Start of Records to use
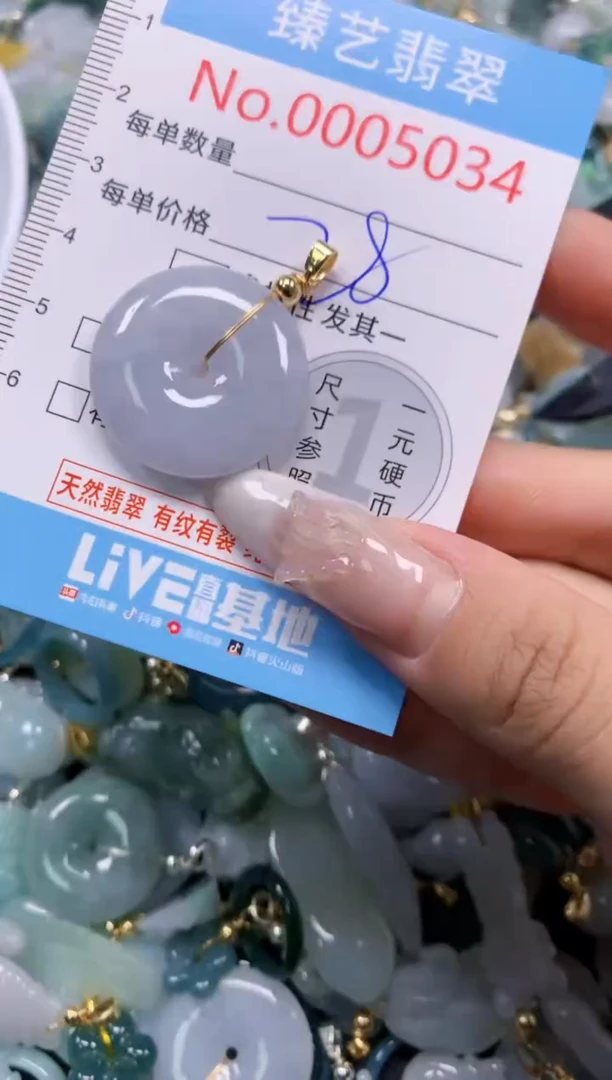 颈饰未镶嵌翡翠5034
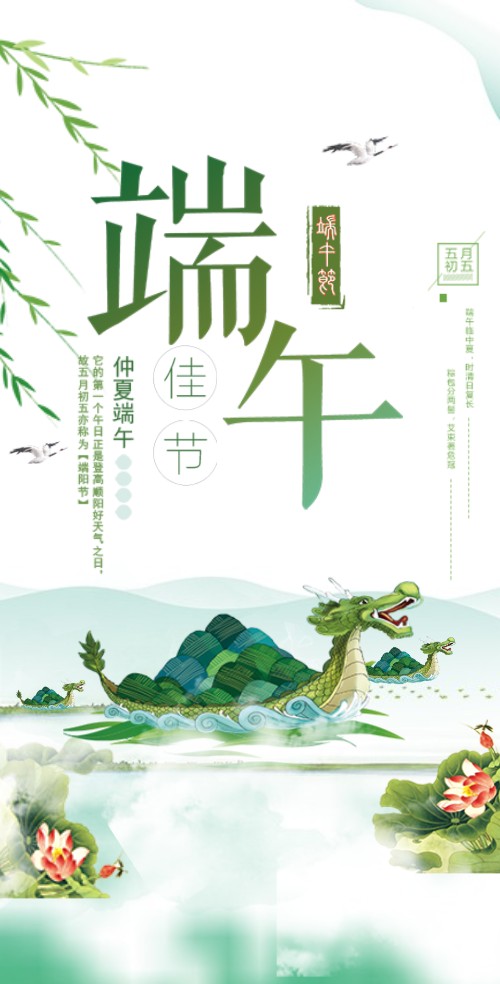 端午节活动模板，端午粽子佳节模板，端午促销模板邀请函
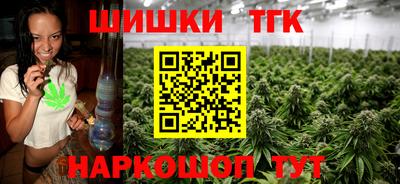 амф Нальчик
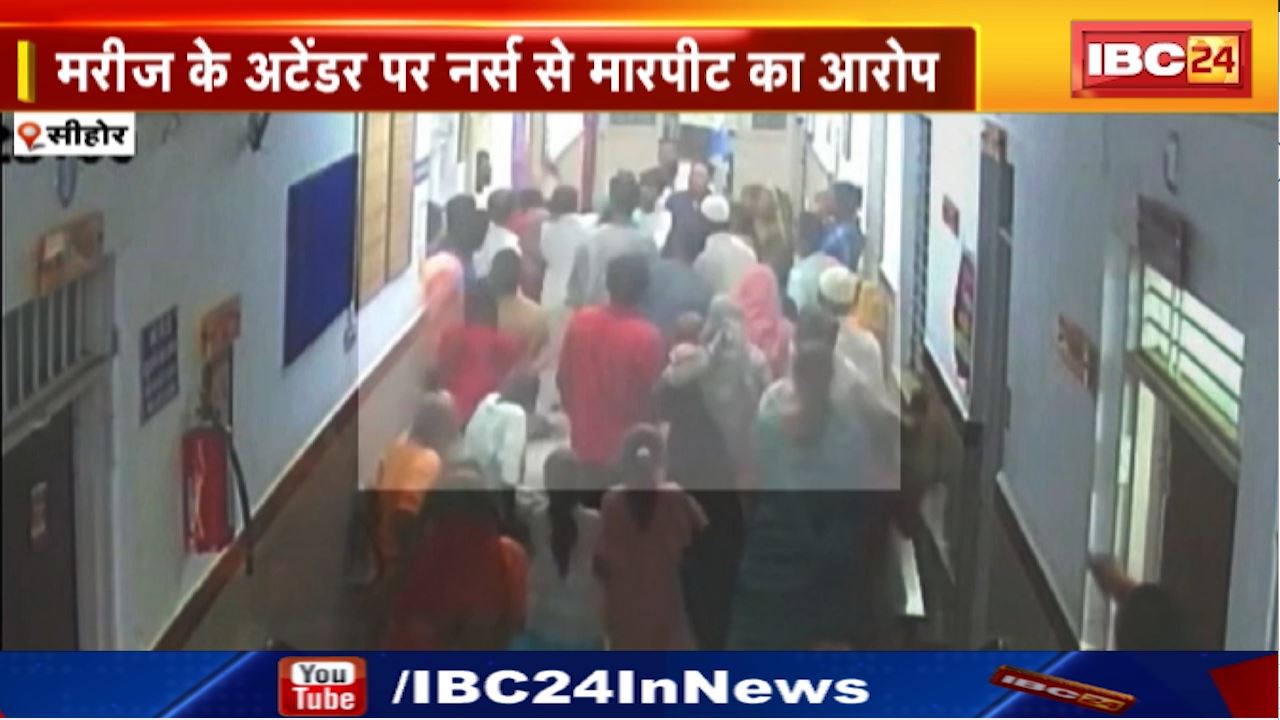 Sehore News : मरीज के अटेंडर पर नर्स से मारपीट का आरोप | घटना के बाद स्वास्थ्य कर्मचारियों में आक्रोश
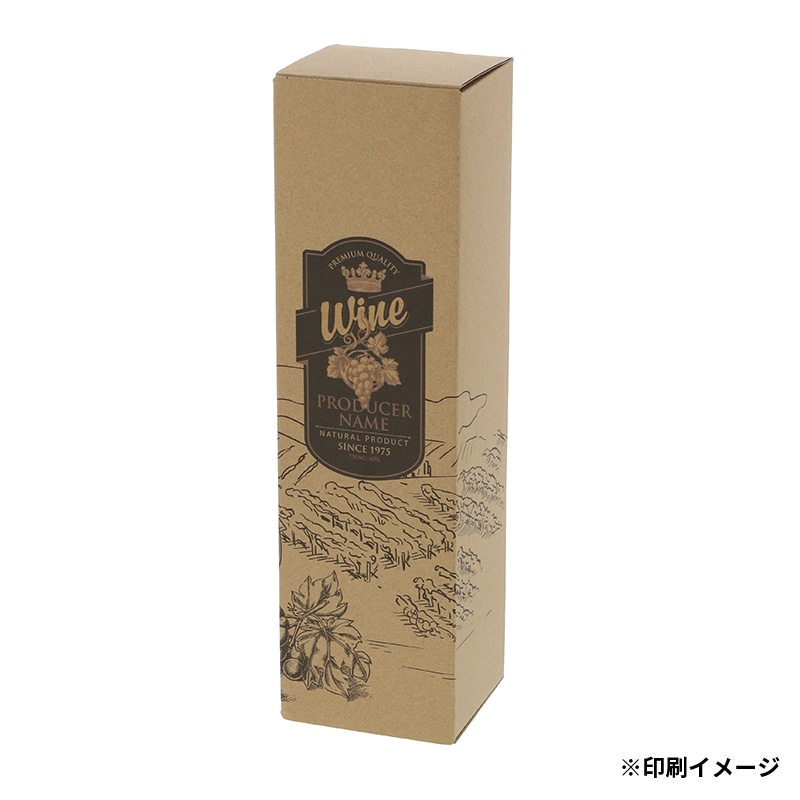 【オリジナル印刷】特注小ロットナチュラルBOX　Z－24 ワイン1本用　フルカラー片面印刷 100枚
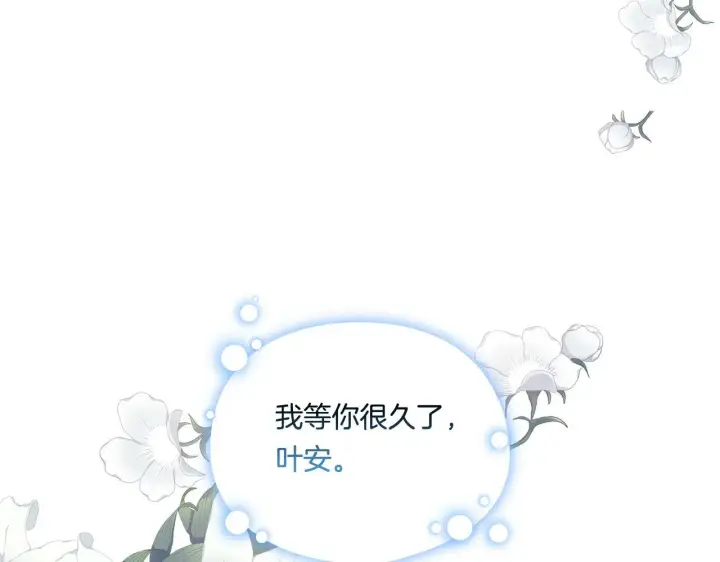 《双胞胎姐姐不再相信他人》第13话 请利用我图46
End of Records to use
The data above needs to be retyped exactly, with the images left out.

— Answer space —
 颈饰未镶嵌翡翠5034
 端午节活动模板，端午粽子佳节模板，端午促销模板邀请函
 амф Нальчик
 Sehore News : मरीज के अटेंडर पर नर्स से मारपीट का आरोप | घटना के बाद स्वास्थ्य कर्मचारियों में आक्रोश
 【オリジナル印刷】特注小ロットナチュラルBOX　Z－24 ワイン1本用　フルカラー片面印刷 100枚
 《双胞胎姐姐不再相信他人》第13话 请利用我图46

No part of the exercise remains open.